我想: 也许山里人生活已经同“自然”相融合,所以他们很从容地在那里尽其性命之理,与其他无生命物质一样,唯在日月升降寒暑交替中放射、分解。而且在这种过程中,只有他们真正认识到人是如何渺小的东西,这些山里人比起世界上高明的哲人,任何朝代的隐士也似乎还更明白得多些。这些山民不辜负自然,与自然妥协,对历史毫无负担,活在这无人知道的地方,悠然自得。

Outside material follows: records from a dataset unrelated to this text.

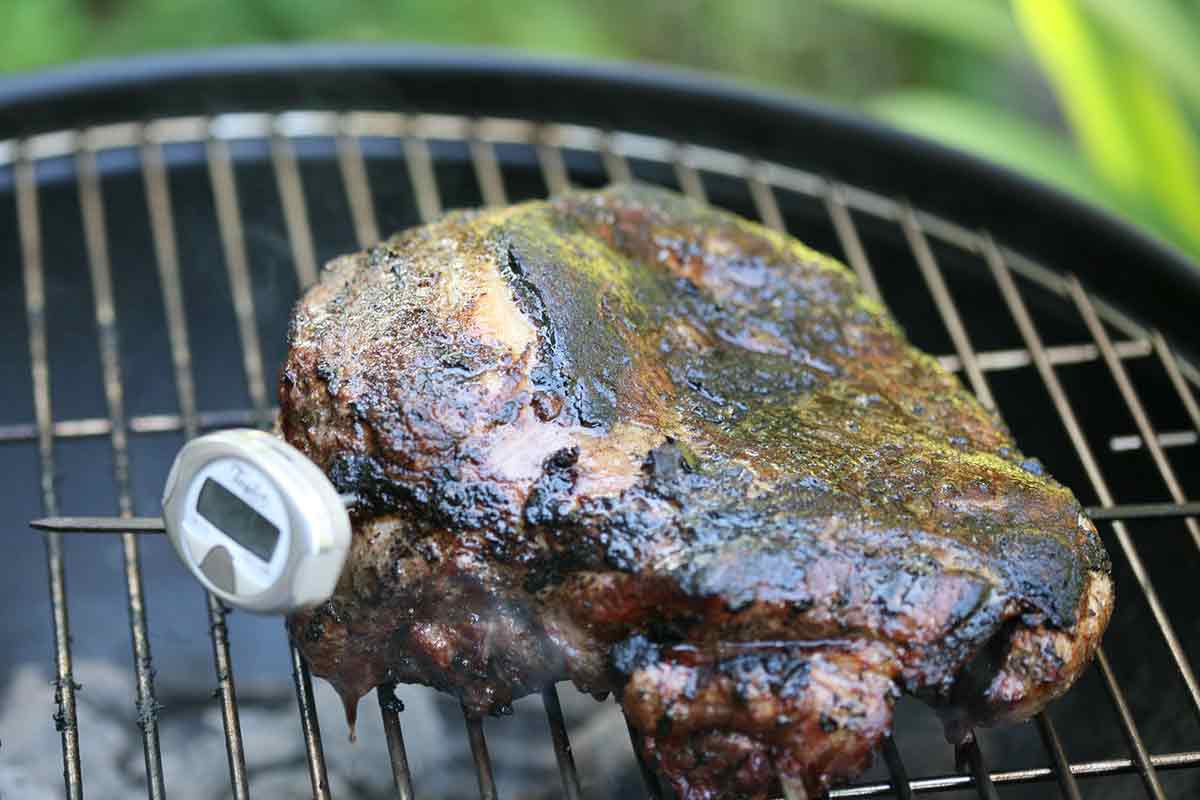 butterflied leg of lamb on grill with thermometer in it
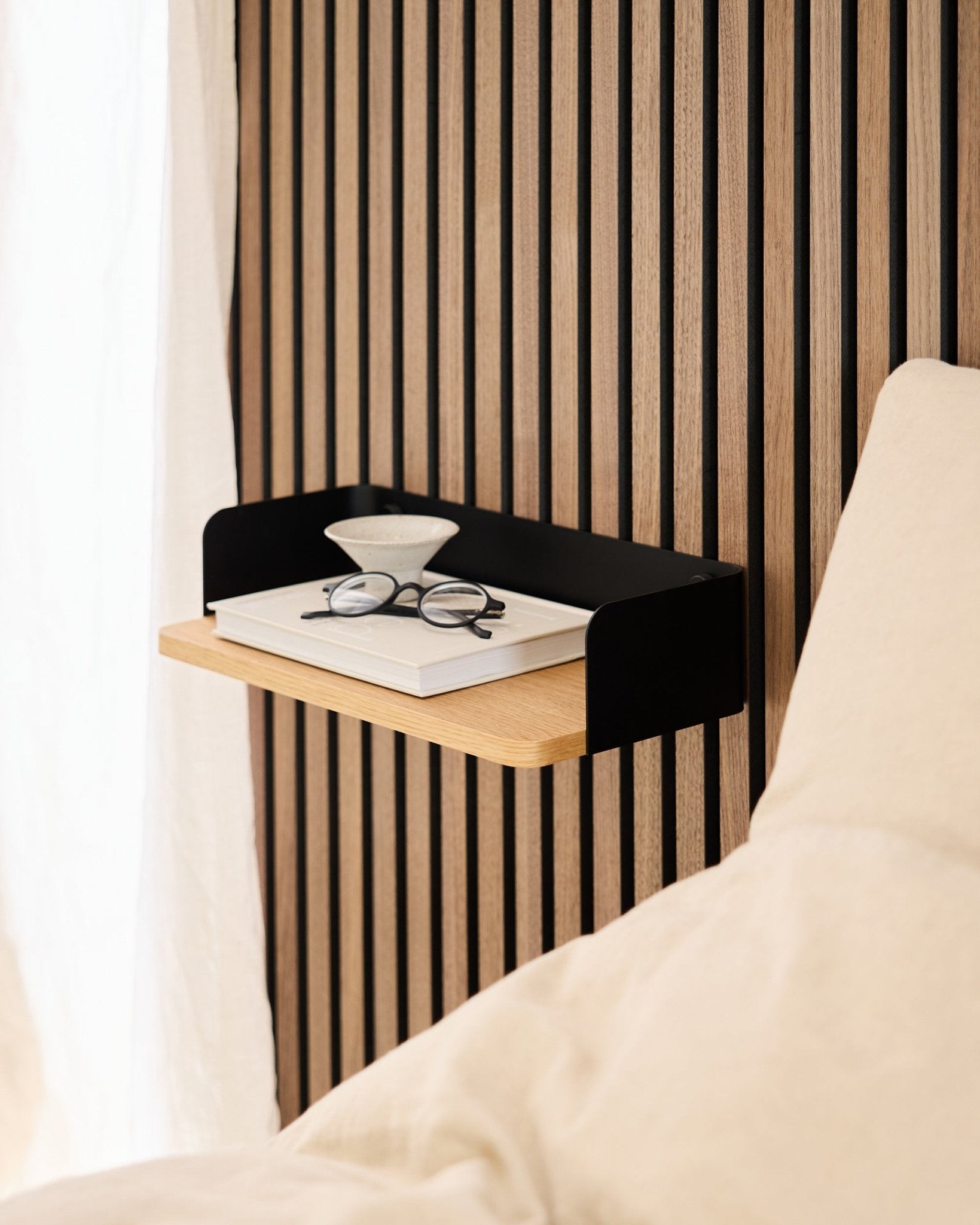 Das Linn Bücherregal von WoodUpp in natural oak (39,9 cm) mit einem Buch, einer Brille und einem Glas neben einem Bett vor einer Wand aus Akupanel Akustikholzpaneelen.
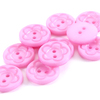 Пуговица детская на два прокола кругл Цветок 18 мм цвет св-розовый упаковка 28 шт фото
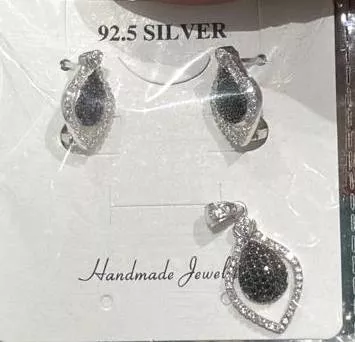  Silver Jewelry: Elegant 92.5 Silver Earrings and Pendant Set in Rajkot - Timeless Beauty R K JEWELLERS GROUND FLOOR SHOP  NO 5 NAKSHATRA 7  RAIYA ROAD NEAR RAIYA CHOKDI CHANDAN PARK RAJKOT RAJKOT GUJARAT  NO 5 NAKSHATRA 7  RAIYA ROAD NEAR RAIYA CHOKDI CHANDAN PARK RAJKOT RAJKOT GUJARAT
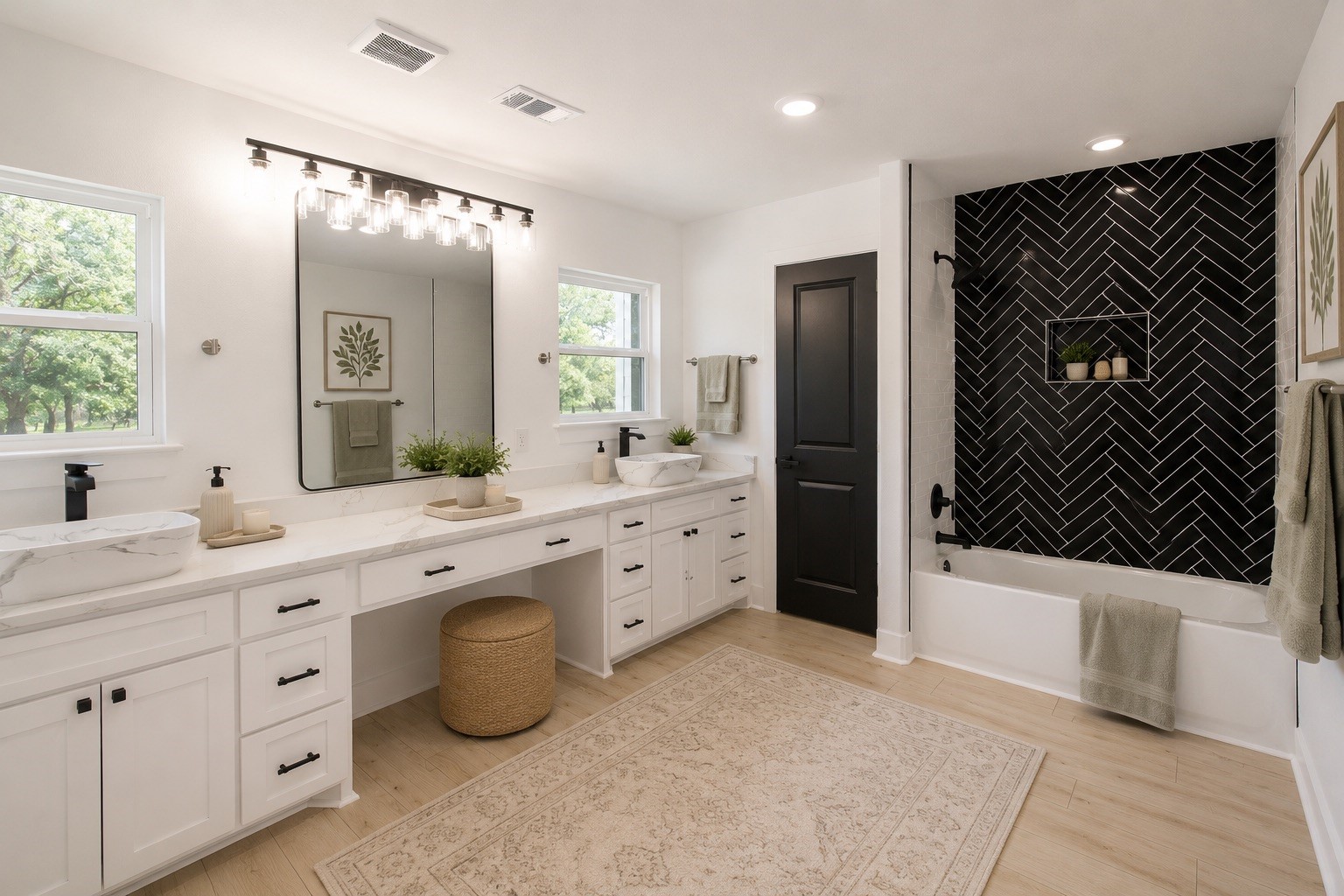 54 Windmill Road Hempstead, TX 77445 - Photo 16 of 26 a spacious bathroom with a double vanity sink a large mirror and a bathtub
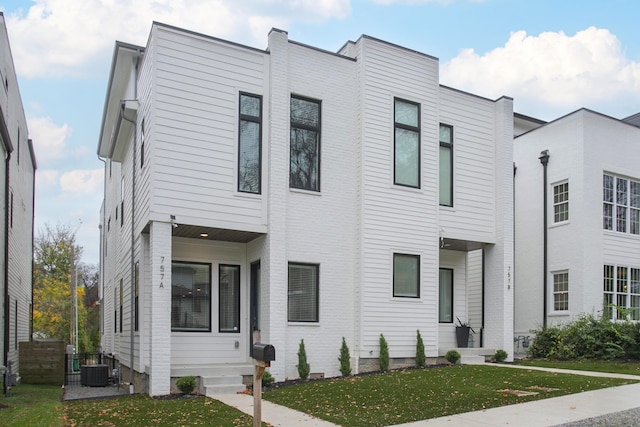 view of front of house featuring a front yard and central air condition unit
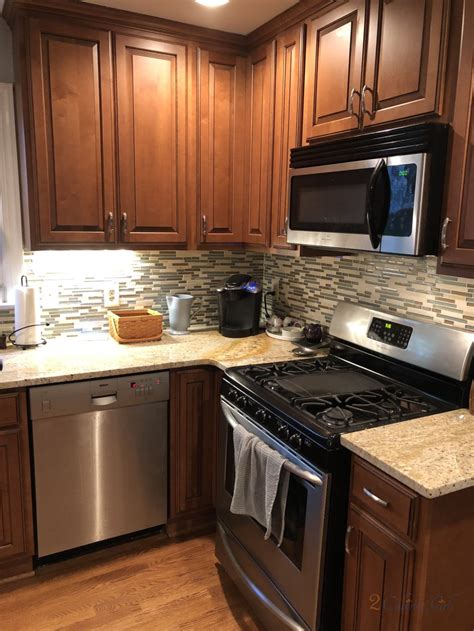 There are some faux marbles that are gorgeous. Timeless White kitchen - 2 Cabinet Girls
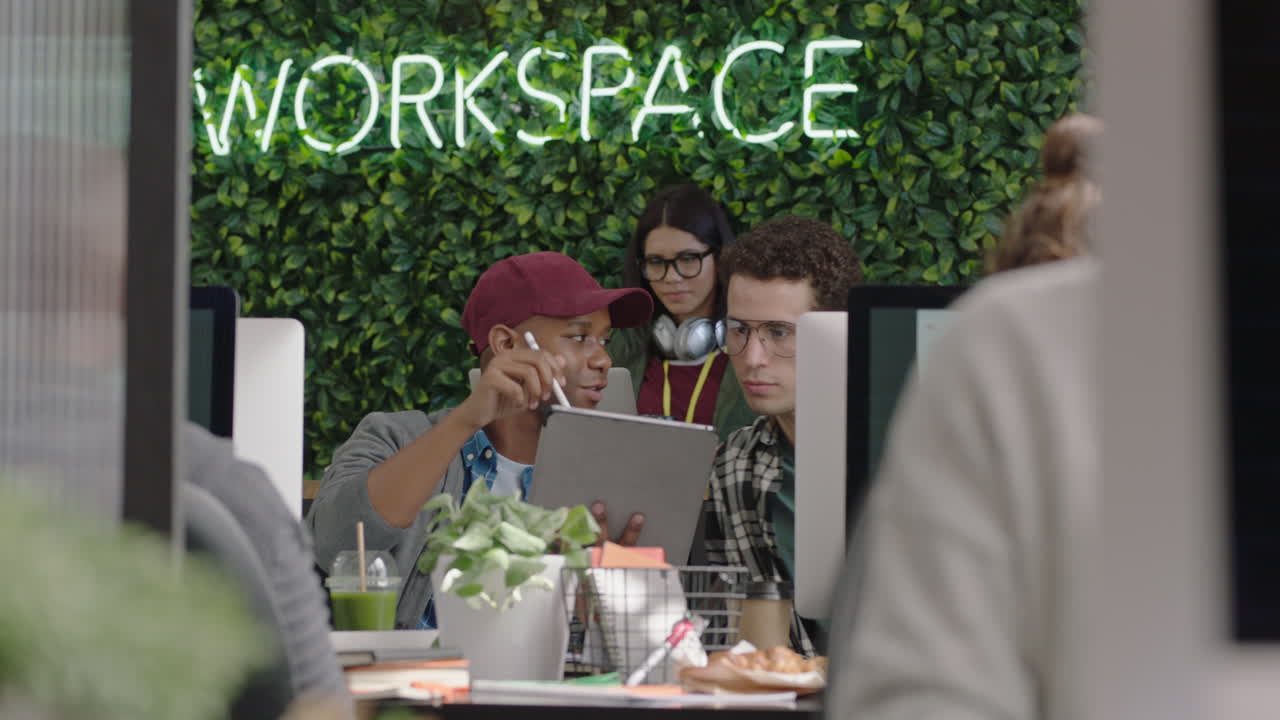 jóvenes empresarios multiétnicos que trabajan en una oficina moderna ocupada usando tabletas digitales compartiendo información colegas colaborando trabajo en equipo exitoso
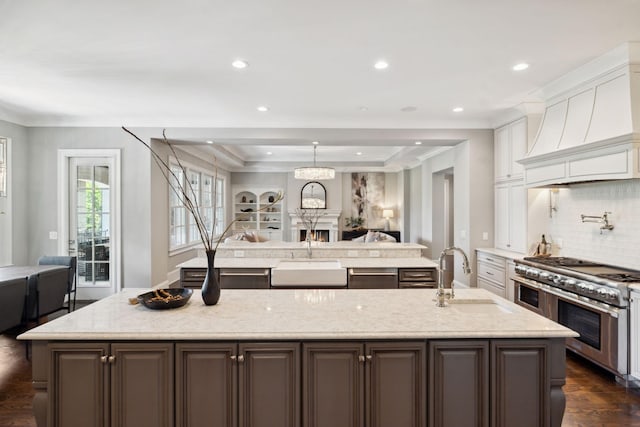 kitchen featuring a sink, white cabinets, a large island, double oven range, and custom range hood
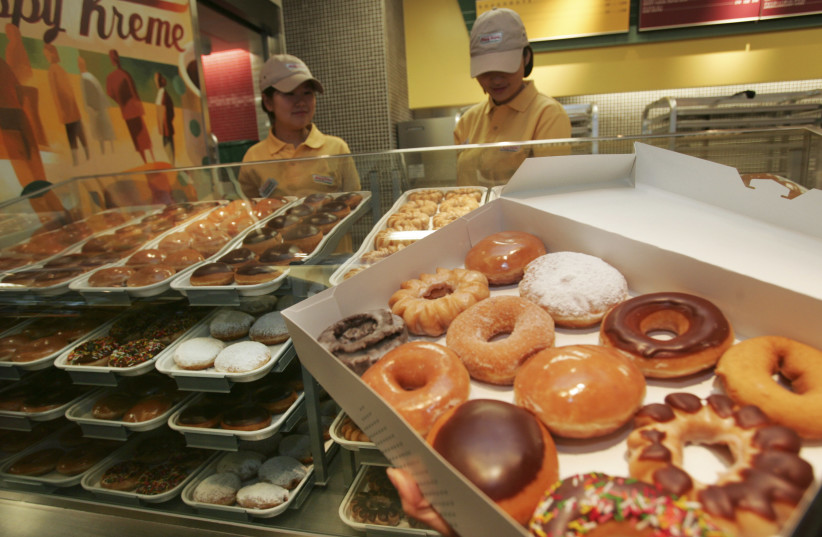 A variety of doughnuts is displayed at new the Krispy Kreme store in Tokyo December 12, 2006. Krispy Kreme Doughnut Inc. opens its first store in Japan on Friday. Picture taken December 12, 2006. (photo credit: TOSHIYUKI AIZAWA/REUTERS)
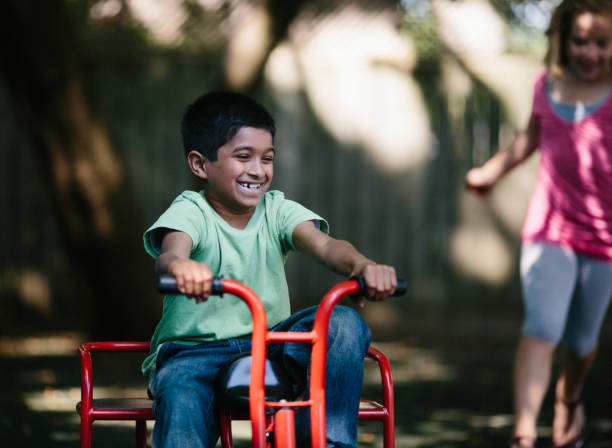 istock boy ridding a tricycle 155599517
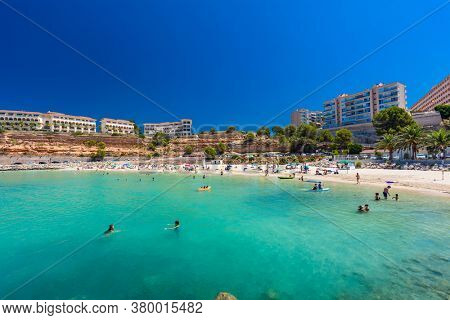 PORT ADRIANO, MALLORCA, SPAIN - 23 July 2020 - Tourists enjoying summer day on the popular city beach.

而另外一些山外人,与自然毫不妥协,根据自己的意愿,想出种种方法来支配自然,改造自然,违反自然的习惯,同样也那么尽寒暑交替,看日月升降。然而后者却在慢慢改变历史,创造历史,一份新的日月,行将消灭旧的一切。为此而感到踌躇满志,志满意得,因为改造自然的同时,也改造了自己,他们终于过上了优越的生活。开着越来越快的车子,奔驰在越来越宽阔、平坦的路上,住在越来越高的楼上,享受着空调的四季如春,净水器、空气净化器的层层过滤,品尝着价格昂贵的绿色食品,为健康,在封闭的健身房挥汗如雨。殊不知,此种所谓高品质的生活,或许要奋斗大半辈子才可能享受得到。但这些在山中都是免费的——青山绿水常在,明月清风常有,绿树红花长存。
两类不同的人,经过不同的路径,是不是殊途同归?所以,世间万物,存在即是合理。我们又何必以救世主的姿态去唤起山里人对“明天”的惶恐,强求他们放弃过去对自然和平的态度活下去?不论哪一种人,都可以在世界上占据一片土地,按照自己的方式活得更愉快更长久一些。
回城时,日头落尽云影无光,两岸的青山渐渐消失在温柔的暮色里。偶尔路过一个小镇,几户人家,从容的身影,拉长的语调,综合在一起给人一种悠然不尽的感觉。